On remarquera qu’en France, le service national était rétabli à chaque préparation de guerre. C’est pour cette raison qu’en 1996, Jacques Chirac ne voyant venir aucun conflit dans un horizon proche ou lointain, annonçait la suppression du service national. Aujourd’hui, Emmanuel Macron, souhaiterait le rétablir et, si l’on en croit des indiscrétions, la période sous les drapeaux pourrait aller d’une période de 3 à 6 mois.

En Tunisie, le...

service national fait actuellement l’objet d’une réforme. Le ministre de la Défense tunisien, a, en 2017, fait part de son souhait d’améliorer le texte de loi régissant le service national en y invitant les jeunes femmes aussi, parité oblige... Il faudra également, selon lui, supprimer les multiples exemptions toujours en vigueur et qui profitent aux jeunes appelés. En effet, les jeunes Tunisiens peuvent échapper au service militaire s’ils payent une compensation financière. Afin de lutter contre le chômage, le ministre affirme vouloir créer un service civil disponible au sein des ministères, collectivités locales et établissements publics.

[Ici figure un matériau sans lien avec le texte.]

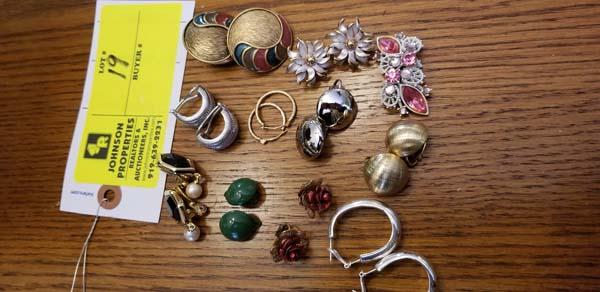 Group of Costume Jewelry:  Group of earrings (11 pcs)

En Algérie, le gouvernement français colonisateur de l’Algérie à l’époque instaure le service national en 1912. Les désignés étaient tirés au sort alors qu’en France, le système égalitaire était déjà en vigueur depuis 1905. Ce système a duré jusqu’à l’indépendance de l’Algérie en 1962, mais a été réinstauré en 1968.

La constitution algérienne prévoit en effet que « tout citoyen a le devoir de protéger et de sauvegarder l’indépendance du pays et doit remplir loyalement ses obligations vis-à-vis de la collectivité nationale. Tout citoyen est tenu de respecter la Constitution et de se conformer aux lois de la République ».

Aujourd’hui, c’est la loi n°14-06, publiée au Bulletin Officiel en septembre 2014, qui définit le service national. Elle dispose entre autres que la durée de la mission est de 12 mois, au lieu des 18 mois d’avant.

Mais en Algérie, les jeunes du service national étaient surtout occupées à servir de main d’œuvre peu ou pas chère pour les grands travaux d’infrastructure.

Ailleurs, les lois sont différentes mais le principe est le même. Ainsi, aux USA par exemple, la conscription est utilisée en temps de guerre exclusivement, mais elle a été abandonnée en 1973. Il reste cependant le service dit sélectif, où les jeunes peuvent demander à être intégrés, et où ils peuvent l’être, en fonction des besoins des gardes nationales dans chaque Etat.

En Europe, le service national n’est maintenu que dans 7 pays, généralement petits et peu peuplés, ayant besoin de la conscription pour maintenir une armée qui ressemble à une armée : Suisse, Autriche, Grèce, Norvège, Finlande, Danemark, Estonie et Lituanie qui a rétabli la conscription en 2015 face à la menace russe.

Mais globalement, l’imposition du service militaire recule de plus en plus dans le monde. En effet, à une époque où la technologie rend le travail du soldat de plus en plus complexe (ce qui nécessite une formation continue à grands frais), la conscription ne semble plus être une méthode de recrutement privilégiée par les gouvernements.

La sophistication du matériel militaire et la complexité des opérations demandent au candidat qu’il investisse temps et énergie, qu’il se professionnalise, ce qui implique qu’il soit parfaitement motivé.

Ce qui est rarement le cas… On verra bien ce qui se passera au Maroc, après la décision de réinstaurer ce service national.